[[ Provided records, beginning ]]

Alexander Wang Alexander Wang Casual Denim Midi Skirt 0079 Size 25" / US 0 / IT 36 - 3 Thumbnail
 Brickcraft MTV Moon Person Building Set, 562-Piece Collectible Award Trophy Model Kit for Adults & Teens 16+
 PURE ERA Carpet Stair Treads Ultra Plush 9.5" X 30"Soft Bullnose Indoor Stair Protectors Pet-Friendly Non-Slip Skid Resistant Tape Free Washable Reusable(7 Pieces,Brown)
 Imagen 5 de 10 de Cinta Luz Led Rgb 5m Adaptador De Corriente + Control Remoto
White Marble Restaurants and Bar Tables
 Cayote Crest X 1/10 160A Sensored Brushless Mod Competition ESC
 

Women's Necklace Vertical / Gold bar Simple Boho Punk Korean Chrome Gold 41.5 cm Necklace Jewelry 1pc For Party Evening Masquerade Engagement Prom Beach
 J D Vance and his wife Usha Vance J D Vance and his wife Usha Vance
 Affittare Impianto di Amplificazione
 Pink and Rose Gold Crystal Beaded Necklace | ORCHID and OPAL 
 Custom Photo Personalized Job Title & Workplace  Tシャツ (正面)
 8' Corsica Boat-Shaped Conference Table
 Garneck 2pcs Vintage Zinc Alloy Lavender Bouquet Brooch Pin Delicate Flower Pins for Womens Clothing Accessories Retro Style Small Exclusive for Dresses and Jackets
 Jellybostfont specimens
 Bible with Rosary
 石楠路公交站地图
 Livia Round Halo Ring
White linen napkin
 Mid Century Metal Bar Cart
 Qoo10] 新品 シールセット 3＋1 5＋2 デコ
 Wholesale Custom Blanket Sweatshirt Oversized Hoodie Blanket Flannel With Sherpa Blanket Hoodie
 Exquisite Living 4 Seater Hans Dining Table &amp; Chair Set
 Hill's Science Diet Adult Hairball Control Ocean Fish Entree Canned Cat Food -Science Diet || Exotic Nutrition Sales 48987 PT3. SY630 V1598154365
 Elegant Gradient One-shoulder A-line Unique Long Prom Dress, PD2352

[[ Provided records, end ]]

Task item: What you return should be the lines from the start of the data through the line with "Pink and Rose", quoted exactly and nothing more.

Output for this exercise:
Alexander Wang Alexander Wang Casual Denim Midi Skirt 0079 Size 25" / US 0 / IT 36 - 3 Thumbnail
 Brickcraft MTV Moon Person Building Set, 562-Piece Collectible Award Trophy Model Kit for Adults & Teens 16+
 PURE ERA Carpet Stair Treads Ultra Plush 9.5" X 30"Soft Bullnose Indoor Stair Protectors Pet-Friendly Non-Slip Skid Resistant Tape Free Washable Reusable(7 Pieces,Brown)
 Imagen 5 de 10 de Cinta Luz Led Rgb 5m Adaptador De Corriente + Control Remoto
White Marble Restaurants and Bar Tables
 Cayote Crest X 1/10 160A Sensored Brushless Mod Competition ESC
 

Women's Necklace Vertical / Gold bar Simple Boho Punk Korean Chrome Gold 41.5 cm Necklace Jewelry 1pc For Party Evening Masquerade Engagement Prom Beach
 J D Vance and his wife Usha Vance J D Vance and his wife Usha Vance
 Affittare Impianto di Amplificazione
 Pink and Rose Gold Crystal Beaded Necklace | ORCHID and OPAL 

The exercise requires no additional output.